**PROBLEM STATEMENT**.
Once the line containing "home living room." is found in the entries below, reproduce it and every line after it, stopping at and including the line containing "Prime Minister Justin"; reproduce nothing else, and keep each line exact.

**DATA SECTION**.
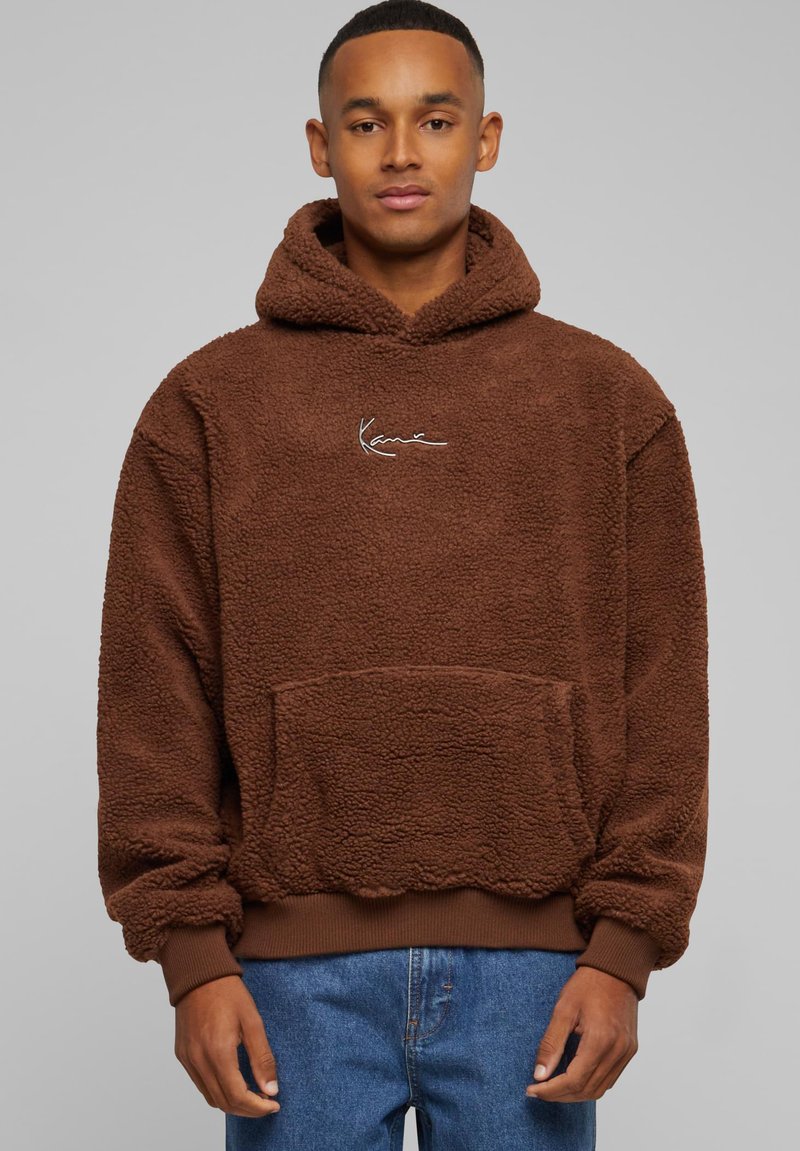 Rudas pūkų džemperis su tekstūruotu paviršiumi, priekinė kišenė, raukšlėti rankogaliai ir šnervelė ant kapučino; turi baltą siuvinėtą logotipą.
--
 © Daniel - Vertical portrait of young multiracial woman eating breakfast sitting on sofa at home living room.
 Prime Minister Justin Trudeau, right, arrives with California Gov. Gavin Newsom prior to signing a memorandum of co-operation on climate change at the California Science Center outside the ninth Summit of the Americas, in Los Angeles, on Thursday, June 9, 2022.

**YOUR RESPONSE**.
 © Daniel - Vertical portrait of young multiracial woman eating breakfast sitting on sofa at home living room.
 Prime Minister Justin Trudeau, right, arrives with California Gov. Gavin Newsom prior to signing a memorandum of co-operation on climate change at the California Science Center outside the ninth Summit of the Americas, in Los Angeles, on Thursday, June 9, 2022.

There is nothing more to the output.